G'day, how'd this beer turn out. Anything you would add or change? Similar to Karma citra?
Tried it the other day off tap filtered through Cascade hops on the bar, absoloutly spectacular. Keen on makin something similar.
Cheers, Dez


----------



## BreathingHeat (4/8/11)

Dez. said:


> G'day, how'd this beer turn out. Anything you would add or change? Similar to Karma citra?
> Tried it the other day off tap filtered through Cascade hops on the bar, absoloutly spectacular. Keen on makin something similar.
> Cheers, Dez



Hi Dez, happy IPA day! This beer turned out wonderfully. It's possibly the only batch I've brewed where I wouldn't change a thing. Here is the actual brewed recipe (following this). There were a few changes. We ended up dry hopping with an extra 24 grams of Citra at the very end (key). This definitely gave the beer the "je ne sais quoi" we were looking for. I would not add any more than 24 grams though. This beer is similar to Karma Citra, but clearly has it's own identity. 

"Blackie" IPA 

Recipe

Batch Size: 24 L 
Boil Size: 35 L (BIAB)
OG: 1.070
FG: 1.015
Boil Time: 60 Minutes

Ingredients:

6.00 kg Pilsner 77.4%
0.50 kg Rye Malt 6.3%
0.50 kg Wheat Malt 6.3%
0.25 kg Crystal, Medium 3.3%

0.25 kg Carafa Special I 3.3% (10 minutes to go)
0.25 kg Chocolate Malt 3.3% (10 minutes to go)

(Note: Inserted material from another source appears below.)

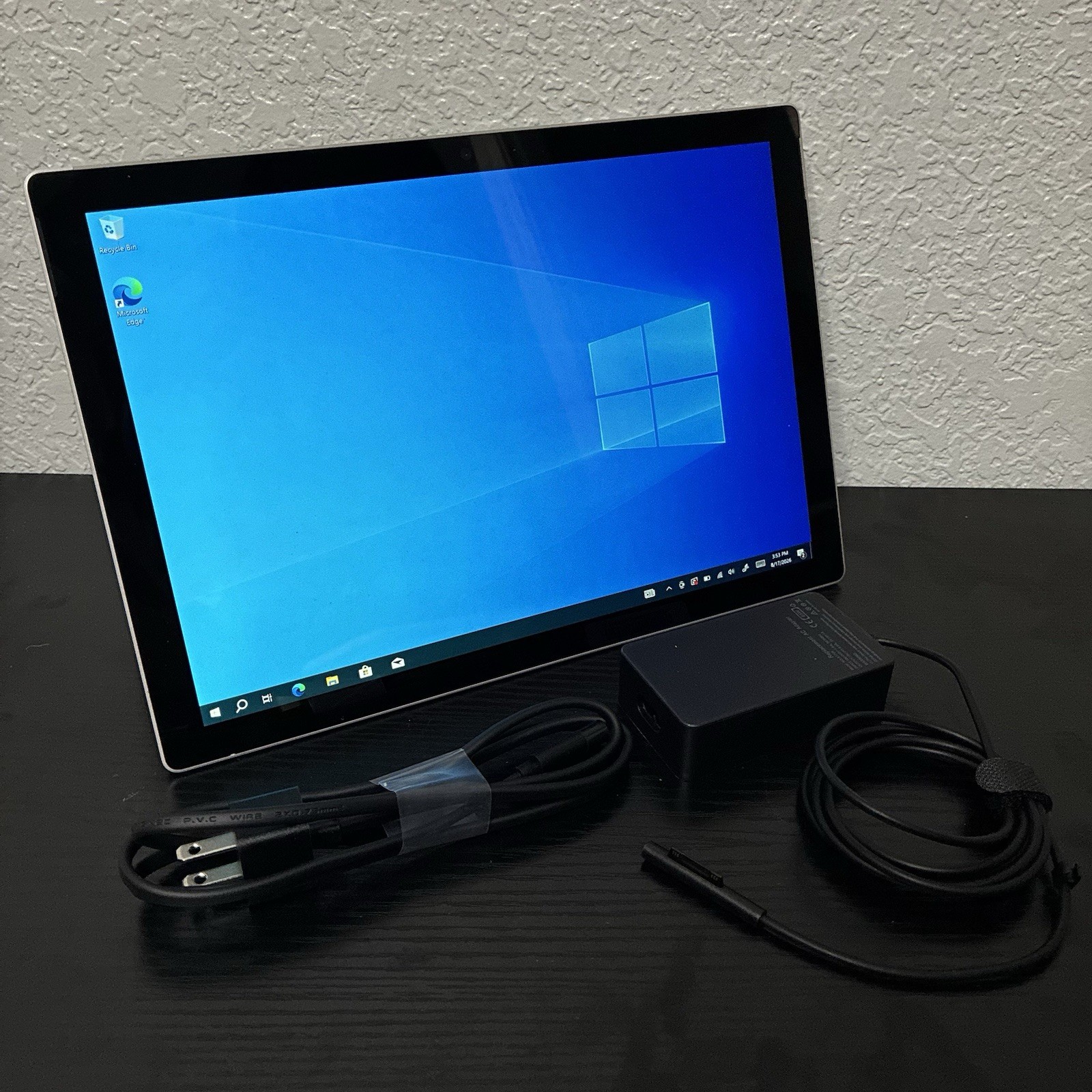 Microsoft Surface Pro 5 1796 i5-7300U 2.60GHz 256GB 8GB WIN 10 - Defective Sound
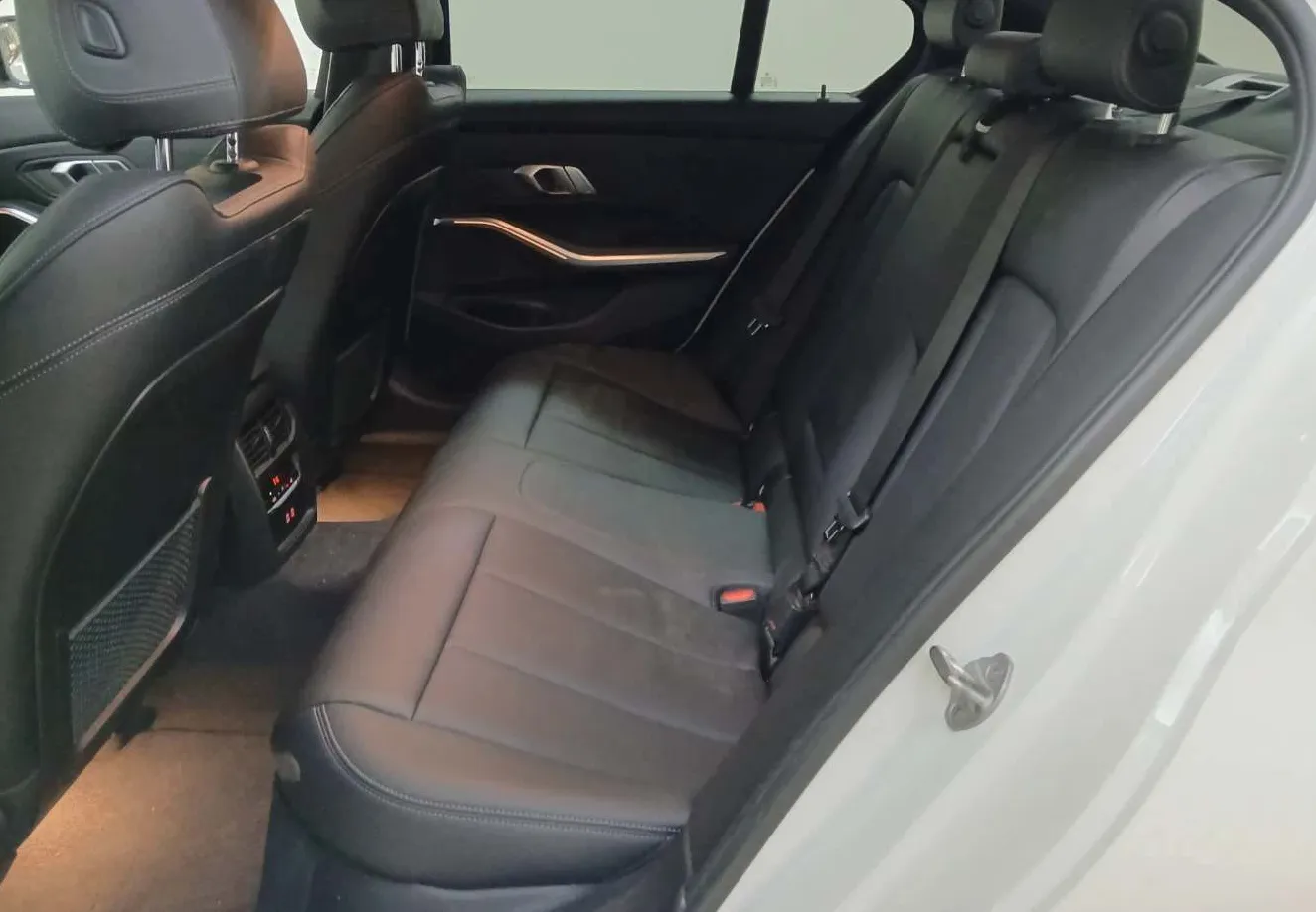 Zunanja slika - BMW Serija 3 - : 320d Avt. MSport-KAMERA-LED-18COL-NAVI- - 6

90 minute step mash 66 (152)
Strike temp 55 (130)- 30 minutes rest
up to 65-66 for 60 minutes 
Mash out at 77 degrees

Boil

28 g Galaxy Flowers [13.4%] (60 min) 
28 g Cascade Flowers [7.6%] (60 min) 

8 g Gypsum (60 min) 
2 g Chalk (60 min)

56 g Citra Pellets [11.1%] (10 min)
72 g Galaxy Flowers [13.7%] (10 min) 

1 g Yeastlife extra Nutrient (10 min)
1/2 Whirlfloc tab (10 min)

1 Pkg American Ale I (Wyeast Labs #1056)

72 g Cascade Flowers Dry Hop 14-21 (April 3rd - pulled on April 10) 
24 g Citra Pellets Dry Hop 21-28 (April 10th)

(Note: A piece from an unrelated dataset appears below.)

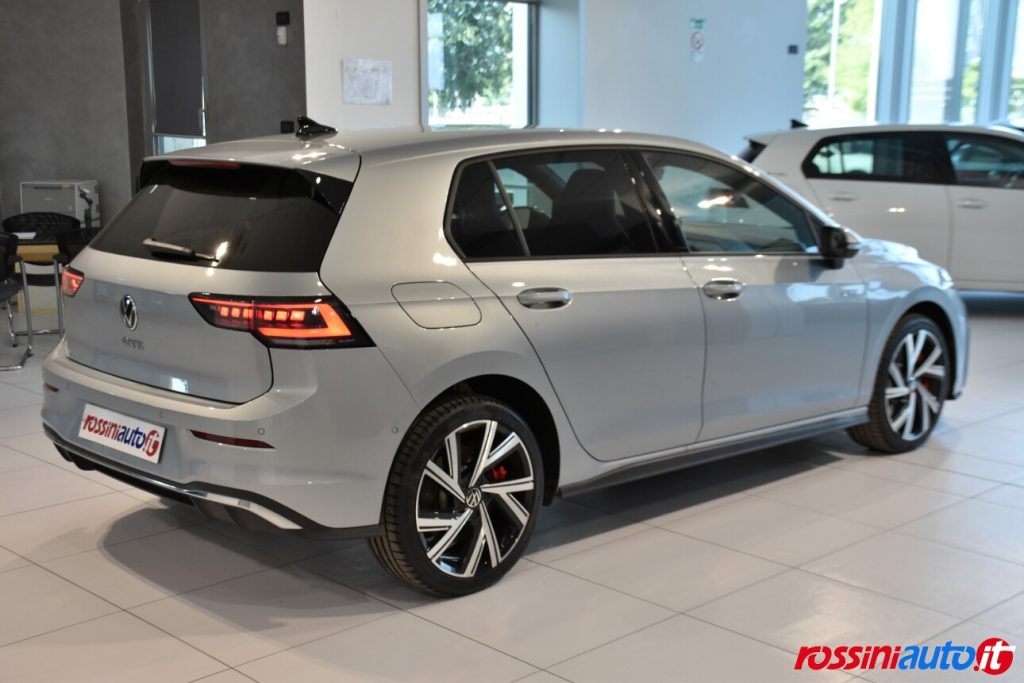 VOLKSWAGEN GOLF 8.5 GTE 1.5 E-HYBRID 272 CV DSG USATA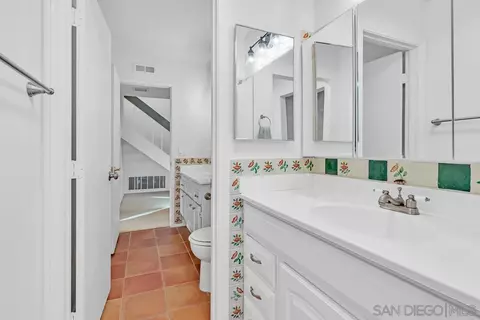 Bath - 10938 Eddington Rd, Santee, CA 92071 photo 1 of 5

Just a gorgeous beer. Extremely flavourful, well balanced, perfect color. We are about to brew it again. Please let me know if you have any questions.


----------



## Dez. (5/8/11)

Wow, that sounds like alot of hops, but I suppose thats what would give it its character. What is the pupose of the gypsum and chalk? Is it the same as the bag of gypsum in my garden shed? What kind of chalk is it?
Cheers, Dez


----------



## drsmurto (5/8/11)

KillerRx4 said:


> 2.00 gm Chalk (Boil 60.0 min) Misc
> 5.00 gm Polyclar BrewBrite (Boil 10.0 min) Misc
> 8.00 gm Epsom Salt (MgSO4) (Boil 60.0 min) Misc
> 8.00 gm Epsom Salt (MgSO4) (Boil 60.0 min) Misc



Is that a typo? Did you mean CaSO4?

That much magnesium in a beer would give you the runs.


----------



## felten (5/8/11)

DrSmurto said:


> That much magnesium in a beer would give you the runs.


Must be bad karma then


----------



## KillerRx4 (5/8/11)

KillerRx4 said:


> Looking at my notes, the Beersmith file has a couple of things wrong/different to brewday.
> One of the 8gm MgS04 additions is actually CaS04 (gypsum)
> Brewbrite addition was changed to whirlfloc
> Dry hops were 12g Galaxy, 38g Citra.


----------



## BreathingHeat (8/8/11)

Hi Dez, did you decide to brew it??


----------



## Dez. (8/8/11)

Yeah definately keen to brew it just waiting to get enought time off work, probably next week. 
Been doin my homework on water chemistry in the mean time to clarify the need for gypsum and chalk. Home brewing is one of those things where the more learn the more you find out you need to learn.
Cheers, Dez


----------



## domix (16/8/11)

Just a heads up if anyone is keen, they will have this on tap at Biero in Melb this Friday (no affiliation, just a very happy customer)
along with many other great beers


----------



## bullsneck (25/8/11)

KillerRx4 said:


> A bit bigger than Karma Citra, knock back the OG & its pretty close to bang on for me.
> 
> 
> Recipe: #212 Big Bang Black IPA
> ...



This may be OT...

Using this recipe as inspiration for a Black EIPA. Subbing Rye for Biscuit and the C Hops for EKG and Challenger. OG and IBUs are staying true to the recipe, however. Yeast will be split, 12L on 1469 and 12L on US-05 to see which gives a better result.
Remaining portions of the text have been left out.